Les clauses du traité du 11 avril, essentiel pour l’histoire de la grande pêche, sont très étendues. Sans entrer plus dans les détails, ce sont les articles XIII et XIV, intéressant l’Amérique du Nord, qui nous concernent. Par l’article XIII, la France cède à la Grande-Bretagne l’Acadie péninsulaire (la Nouvelle-Écosse), et les îles de Saint-Pierre et Miquelon, mais conserve l'île Saint-Jean (aujourd'hui l'île du Prince-Édouard), et l'île de Cap-Breton (anciennement l'île Royale), Quant à l’île de Terre-Neuve et la baie d’Hudson, Louis XIV ne peut les céder puisque ces territoires n'appartenaient pas à la France ; il ne fait que confirmer leur possession aux Anglais.

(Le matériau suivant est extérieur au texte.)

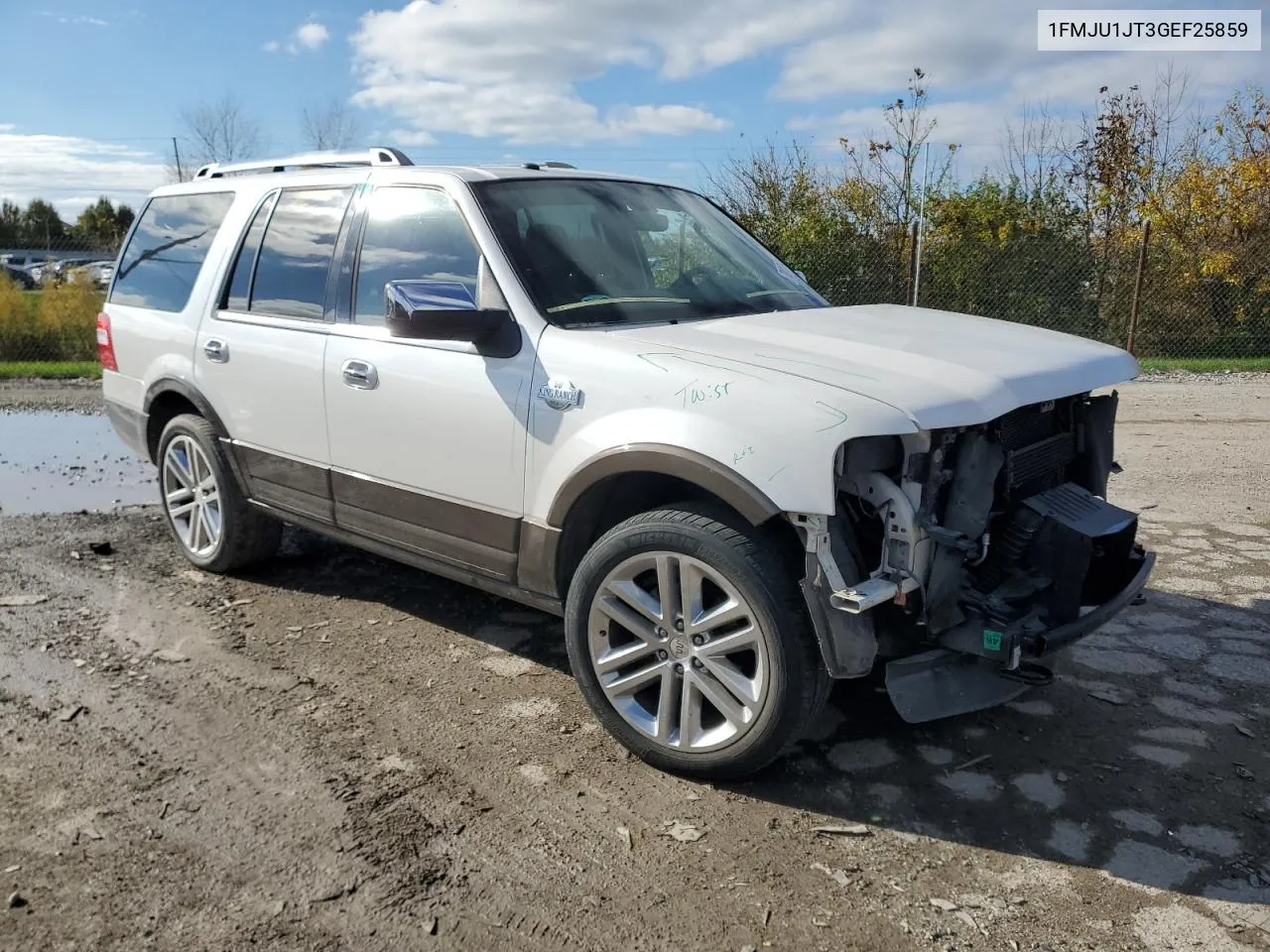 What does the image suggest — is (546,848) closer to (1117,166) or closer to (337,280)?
(337,280)

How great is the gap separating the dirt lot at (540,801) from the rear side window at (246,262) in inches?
58.5

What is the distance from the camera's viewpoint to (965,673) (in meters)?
3.25

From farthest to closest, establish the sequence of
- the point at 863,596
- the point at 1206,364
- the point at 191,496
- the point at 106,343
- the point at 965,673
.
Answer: the point at 1206,364 → the point at 106,343 → the point at 191,496 → the point at 965,673 → the point at 863,596

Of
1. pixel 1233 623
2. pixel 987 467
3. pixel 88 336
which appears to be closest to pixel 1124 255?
pixel 1233 623

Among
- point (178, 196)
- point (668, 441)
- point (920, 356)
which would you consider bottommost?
point (668, 441)

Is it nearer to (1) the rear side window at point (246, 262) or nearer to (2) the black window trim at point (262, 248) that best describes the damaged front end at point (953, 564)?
(2) the black window trim at point (262, 248)

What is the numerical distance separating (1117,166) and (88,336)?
16.1m

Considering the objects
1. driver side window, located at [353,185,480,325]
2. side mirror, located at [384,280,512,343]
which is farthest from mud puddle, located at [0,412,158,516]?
side mirror, located at [384,280,512,343]

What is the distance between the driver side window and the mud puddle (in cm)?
353

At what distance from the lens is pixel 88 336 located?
48.2 ft

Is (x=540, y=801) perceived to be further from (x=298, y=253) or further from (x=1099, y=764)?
(x=298, y=253)

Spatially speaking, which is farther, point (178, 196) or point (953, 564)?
point (178, 196)

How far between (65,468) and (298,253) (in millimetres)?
4346

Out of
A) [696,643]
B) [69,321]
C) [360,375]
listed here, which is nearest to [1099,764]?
[696,643]
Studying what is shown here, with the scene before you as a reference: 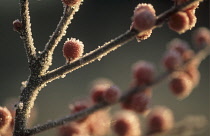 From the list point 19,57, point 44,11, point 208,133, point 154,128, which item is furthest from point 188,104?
point 154,128

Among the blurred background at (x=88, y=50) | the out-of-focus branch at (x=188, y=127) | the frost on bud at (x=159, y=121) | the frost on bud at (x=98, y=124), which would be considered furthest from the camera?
the blurred background at (x=88, y=50)

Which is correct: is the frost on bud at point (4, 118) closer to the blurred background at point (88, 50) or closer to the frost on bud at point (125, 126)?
the frost on bud at point (125, 126)

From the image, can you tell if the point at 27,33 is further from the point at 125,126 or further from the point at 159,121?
the point at 159,121

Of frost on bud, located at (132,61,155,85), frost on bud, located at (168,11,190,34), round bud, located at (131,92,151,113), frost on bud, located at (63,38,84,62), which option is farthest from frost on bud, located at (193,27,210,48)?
frost on bud, located at (63,38,84,62)

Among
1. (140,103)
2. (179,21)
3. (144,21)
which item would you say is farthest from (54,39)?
(140,103)

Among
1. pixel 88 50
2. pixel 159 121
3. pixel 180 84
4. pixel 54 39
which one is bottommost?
pixel 54 39

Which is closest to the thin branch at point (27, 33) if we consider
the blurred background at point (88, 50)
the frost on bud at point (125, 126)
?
the frost on bud at point (125, 126) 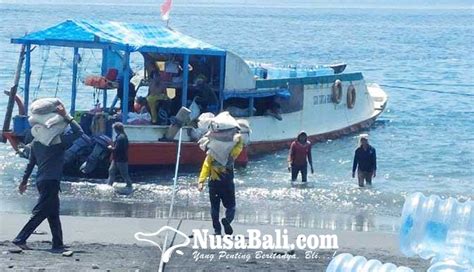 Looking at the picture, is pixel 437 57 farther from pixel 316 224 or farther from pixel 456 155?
pixel 316 224

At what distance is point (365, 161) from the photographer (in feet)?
64.3

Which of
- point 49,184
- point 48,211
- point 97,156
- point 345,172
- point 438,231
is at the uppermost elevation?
point 438,231

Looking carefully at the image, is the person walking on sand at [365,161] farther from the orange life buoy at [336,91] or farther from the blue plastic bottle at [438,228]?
the blue plastic bottle at [438,228]

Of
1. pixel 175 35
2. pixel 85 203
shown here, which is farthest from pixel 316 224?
pixel 175 35

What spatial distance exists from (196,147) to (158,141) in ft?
2.73

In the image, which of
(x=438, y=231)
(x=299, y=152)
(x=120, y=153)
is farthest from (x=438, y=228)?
(x=299, y=152)

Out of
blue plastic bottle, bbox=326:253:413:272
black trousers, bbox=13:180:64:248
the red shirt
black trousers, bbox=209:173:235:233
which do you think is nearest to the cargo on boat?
the red shirt

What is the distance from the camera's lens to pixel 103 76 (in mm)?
22516

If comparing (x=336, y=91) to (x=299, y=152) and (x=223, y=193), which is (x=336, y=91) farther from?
(x=223, y=193)

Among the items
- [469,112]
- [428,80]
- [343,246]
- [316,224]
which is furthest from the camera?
[428,80]

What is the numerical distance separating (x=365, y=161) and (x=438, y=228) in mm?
10107

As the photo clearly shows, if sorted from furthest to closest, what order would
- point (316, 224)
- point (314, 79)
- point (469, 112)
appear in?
point (469, 112) < point (314, 79) < point (316, 224)

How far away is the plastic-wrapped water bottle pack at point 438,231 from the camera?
9.26 metres

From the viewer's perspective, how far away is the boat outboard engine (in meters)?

Mais, en confirmant la possession de Terre-Neuve aux Anglais, le traité les rendait maîtres de Plaisance, ville occupée par une population française, d'où ils furent chassés. La plupart d’entre eux émigrèrent au Cap-Breton où ils furent rejoints par les réfugiés venus d'Acadie. Ils formèrent alors le premier noyau de la population de Louisbourg, qui deviendra une grande forteresse et le centre des pêcheries françaises du nouveau monde pendant un demi-siècle. Le port accueille alors chaque année des navires marchands de la France, des Antilles, des colonies anglaises d'Amérique, de l'Acadie et de Québec. Des pêcheurs basques, bretons et normands y pratiquent la pêche, et la population sédentaire atteint rapidement 2000 habitants, 4000 dans les années 1750. Le modeste établissement français de Plaisance vidé de sa population fut laissé à l'abandon.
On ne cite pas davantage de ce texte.